I saw Menelaus tug on his shoulder. Agamemnon shook him off.

“It wasn’t only the temple little Ajax polluted, it was Cassandra as well,” Menelaus warned him.

“You call Cassandra polluted?” Now I could hear clearly, and so could the men around them.

“What else can you call a woman who was raped?” Menelaus sounded as if he were glad of it.

“Don’t you wish yours had been, instead of offering herself?”

“And do you know what yours has been doing, in your absence?” Menelaus taunted him. I did not think he had it in him.

“She wouldn’t dare,” said Agamemnon. “She can see—she has heard—what punishment I’ve wreaked on Troy, and on those who defied us.”

“And how has she seen it, or even heard it?” Menelaus was turning himself on the sand, and I noticed that he seemed to limp, favoring his left side.

“The beacons are ready to be fired. But the biggest beacon—smell that?” He stood on tiptoe and inhaled deeply, putting his fleshy hands on his belly.

“It’s roasting Trojans!”

“The fire is out,” said Menelaus. He was always so literal. But Agamemnon was right—Troy would burn forever.

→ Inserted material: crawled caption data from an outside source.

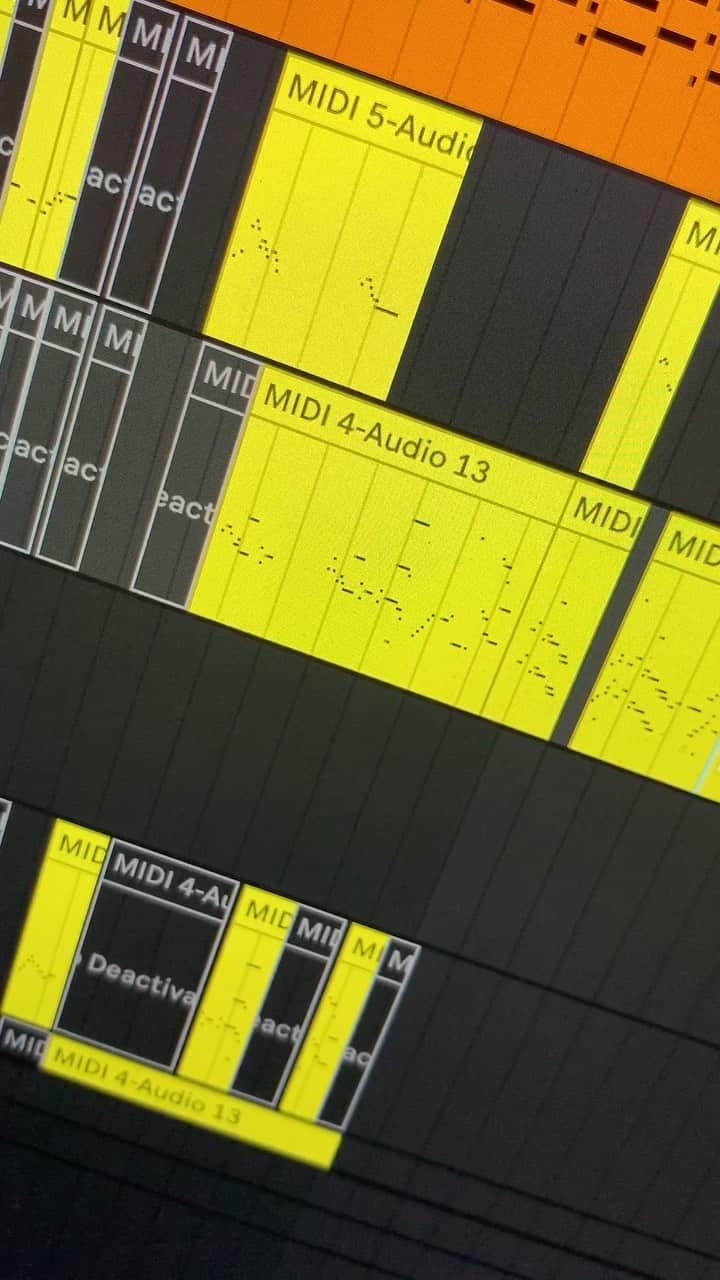バンクスのインスタグラム：「This is from when I was writing birds by the sea. What a mess the session was haha. I did 5 million takes of the piano and then just ended up layering because it’s such a wild ride. Producing and writing this song is burned in my memory. Exactly the minute second millisecond I wrote certain notes. It kind of made me sad when I first wrote it. I feel like it really sums up being grown looking back at young love. But it’s such a beauty. it also makes me happy. Life ♥️」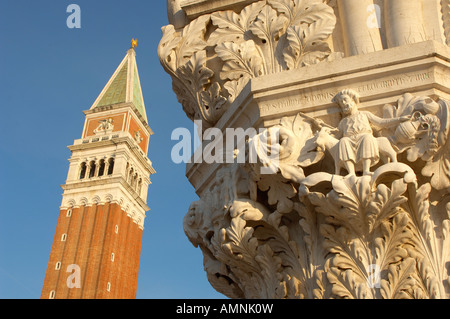 Venedig Italien. Der berühmte Markusplatz mit Dogenpalast Palast Basilika und Campinale. Weitwinkel-Foto. Stockfoto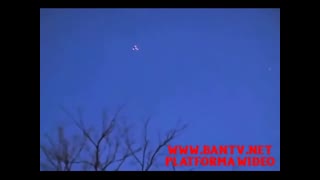Jedno z lepszych nagrań UFO w kształcie trójkąta czy to test wojskowy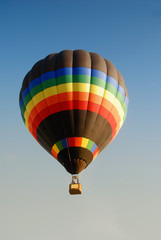 Naklejka premium Hot air balloon in early morning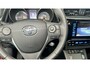 Toyota Auris 1.8 Hybrid Dynamic / Cruise / Stoelver. / Lichtmetalen velgen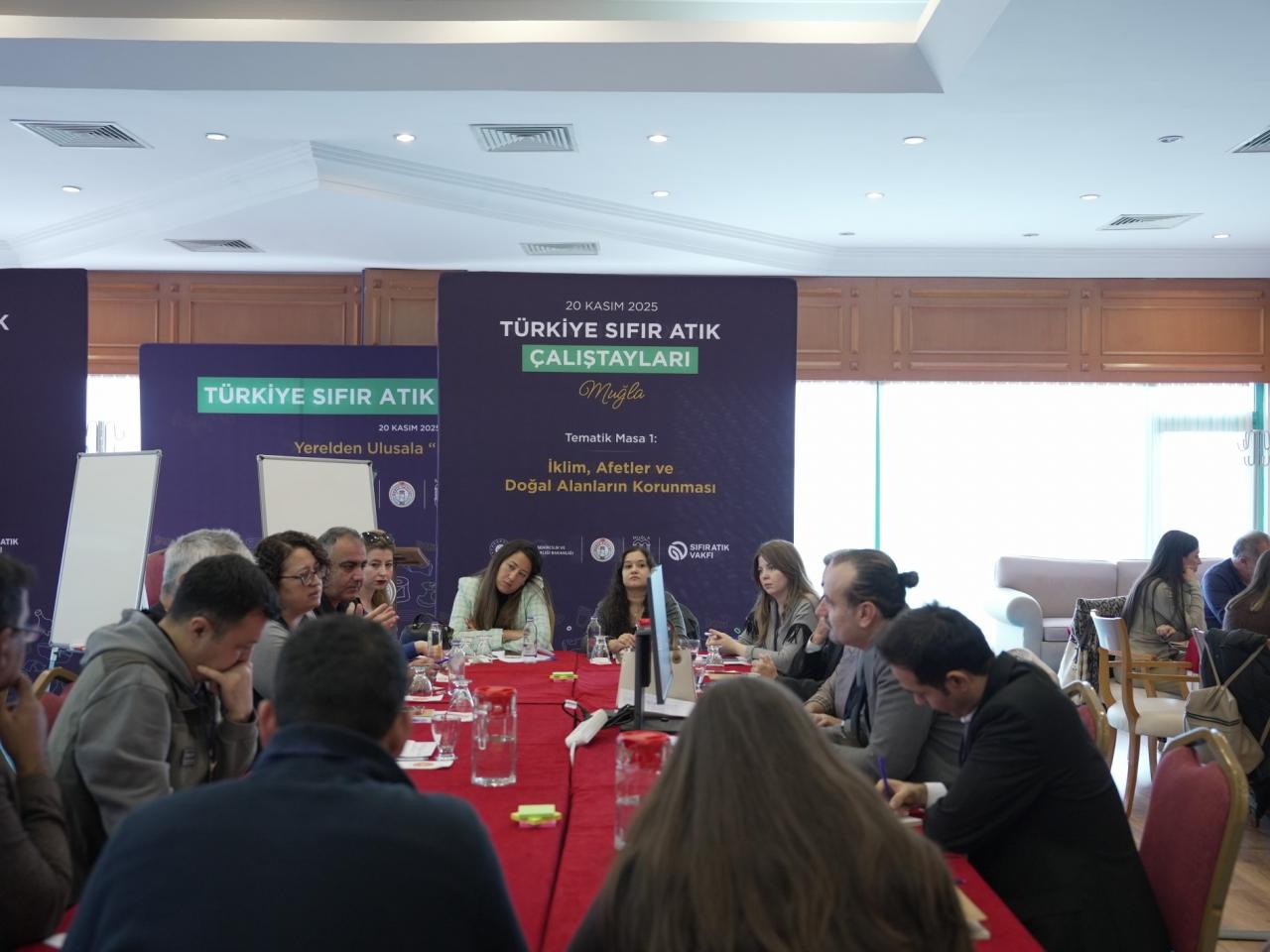 Çalıştay, yoğun katılımla gerçekleştirildi.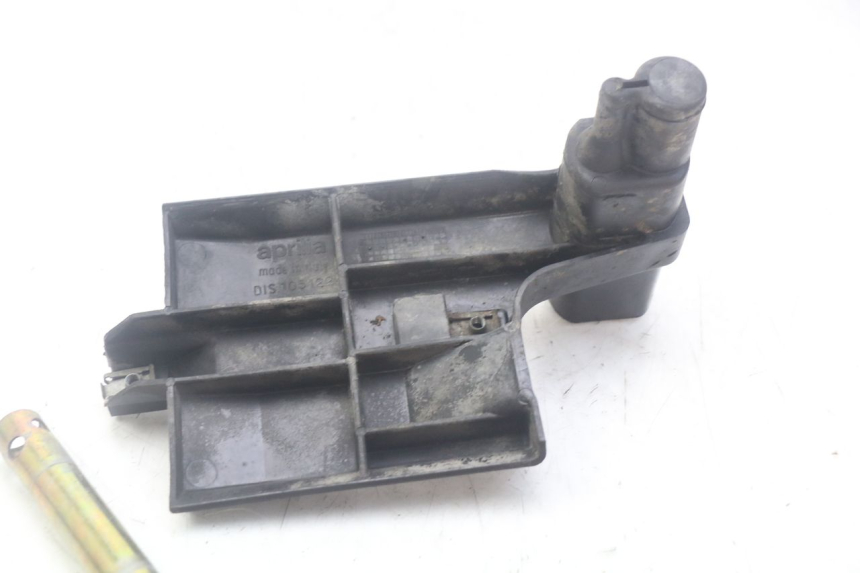 photo de TOOL KIT STRAP APRILIA SCARABEO 100 (2003 - 2012) - Zoom on usage condition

“It was a good war,” said Agamemnon. “For us.
I
am proud of it, even if you are not, little brother.”

“I shall see you in Greece, then,” said Menelaus. “In only a few days. We will return to what we left so long ago. We will reclaim what is waiting for us.” Now he turned and made his way over to me, walking stiffly. Yes, he had an injury of some kind. I had not noticed it before. “Helen,” he said. “Your last night on Trojan soil, wife. I shall leave you to your thoughts. Tomorrow we sail for home—Sparta. I have thirty-one ships left. Only thirty-one, after the sixty that first touched this beach all those years ago. That is the price I—and many other warriors—have had to pay for your folly.”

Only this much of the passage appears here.